Sequel to Grand Central Arena and Spheres of Influence

By Ryk E. Spoor

Chapter 1.

Ariane Austin felt the peculiar jolt that the Sandrisson jump always gave her, and found a smile on her face. “We’re back,” she said.

“Out of the political frying pan and into the Arena’s fire,” DuQuesne said, chuckling. “Feels good, doesn’t it?”

“Not something I would have expected, if you’d asked me before all this started,” Ariane said. “But I have to admit that Arena politics are more exciting.”

“Fates preserve us from exciting politics like that last adventure,” Simon Sandrisson said.

Ariane looked back at Simon, who was sitting in one of the passenger seats of the shuttle Century Eagle, adjusting his hair clip to catch a stray lock of his pure-white hair. “Why, Simon, are you saying you don’t want to rescue me again?”

There was general laughter from everyone present – DuQuesne, Wu, Gabrielle, Oasis Abrams, and Simon himself. “I would say rather that I would prefer you never be in a position to require rescue,” Simon replied, his smile and wink charming as ever. “Although you and Sethrik did well enough for yourselves at the end.”

“With the Monkey King’s help, yes,” she said, nodding at Wu with a smile. “But yes, I agree. Still… we’re about to go out and get ourselves in danger again, aren’t we?”

DuQuesne looked momentarily grim. “And I really wish I could find a decent argument to keep you out of it, but I can’t.”

“No, you can’t, Marc. I could keep you out of it with more justification. The only argument that even has relevance is that the Leader of the Faction should stay home where it’s safe.”

They all knew that wouldn’t wash with her, and wouldn’t for the other Faction leaders. Orphan, leader and – until recently – sole member of the Faction of the Liberated, often risked his life in questionable ventures, such as the one they would be accompanying him on.

His unique position excused his risk-taking, but the fact was that – despite the Arena residents’ overall greater aversion to high risk – Faction Leaders and equivalents seemed quite willing, and capable, of facing dangerous situations personally. Sethrik and his Mind-groomed traitorous successor Vantak had shown that clearly, engaging adversaries directly and without any reluctance in deciding the fate of worlds with guns, swords, or bare chitinous hands. Her impression was that Selpa’A’At of the Vengeance, Dajzail of the Molothos, and even wise, considered Nyanthus of the Faith would all be willing to take on threats to their Factions personally, if need be.

And that’s the kind of company I have to run in.
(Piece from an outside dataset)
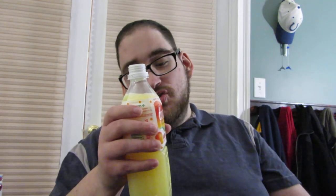So enough jibber jabber, let's try this — Calpico mango. It says 1% juice and it has 110 calories, 27 grams of carbs with 26 coming from sugar, and 2% calcium, no other vitamins or anything.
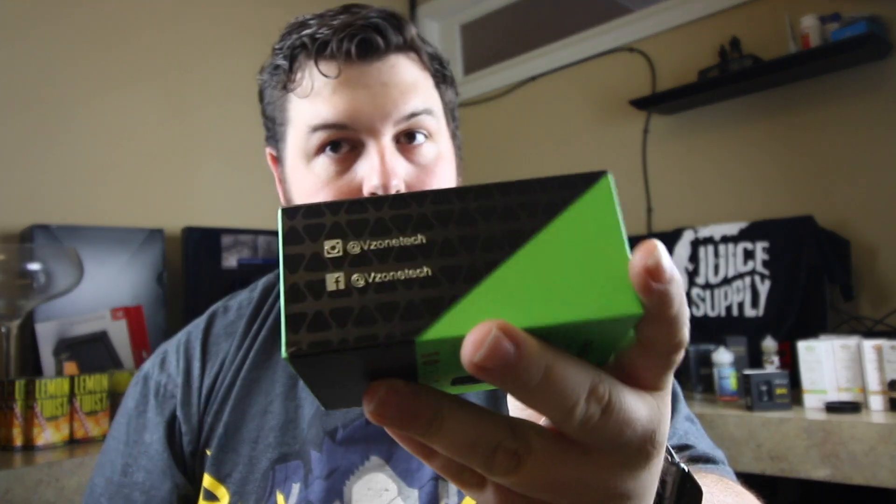On the other side it tells you to follow them on Facebook and Instagram. This is just a sleeve — different from most of what I'm used to. Oh, we got a sticker — maybe I can get this off.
Me. Ariane Austin… Leader of the Faction of Humanity.

The thought was still ridiculous, even though she’d lived with that title for well over a year now. The idea that she – formerly just a high-ranking racing pilot – had ended up as the literal leader of the entire human race was inescapably ridiculous, yet also as inescapably true. She’d nearly lost her life – and cost humanity a great deal more – before she’d not only grasped, but accepted, that burden that the nigh-omnipotent Arena had laid upon her.

Now she was going back once more… and she already had a challenge ahead of her.

The rest of the trip to the great docking facility within their Sphere’s “Harbor” was uneventful, not that she expected anything to happen. Of all the places in the Universe, being inside one’s own Sphere was probably one of the safest, at least in terms of threats from outside your own faction.

Unlike earlier voyages, there was traffic at the Dock. Multiple ships were coupled to the airlocks along the kilometers-long, eerily skeletal structure. “Approaching saturation,” Simon observed. “Are we regulating transitions carefully?”

“Yeah,” DuQuesne answered. “Checked with Saul on that and a few other things. They’ve done a few experiments and verified your theoretical limits – minor tweaks that might change the model slightly but nothing major – and there’s now a lot of oversight on transitions on both sides.”

“So how many vessels can we get in the harbor before we get stuck?” Ariane asked as their seats unlocked and restraints retracted.

“For vessels of reasonable size, the limit’s twenty,” said DuQuesne. “Doesn’t seem to matter whether they’re in groups or all spread out, either, which doesn’t make much sense to me.”

They all oriented themselves before entering the airlock; among the other impossible things the Arena did casually was to provide science-fiction-standard artificial gravity within the Spheres and most other living areas. Not orienting yourself before you stepped out was a good way to fall on your head.

“Why’s that?” Gabrielle asked. “Seems to me that if you spread ’em all out, they wouldn’t interfere with each other so much. Or maybe if you crowded ’em all together that the interference wouldn’t reach far out.”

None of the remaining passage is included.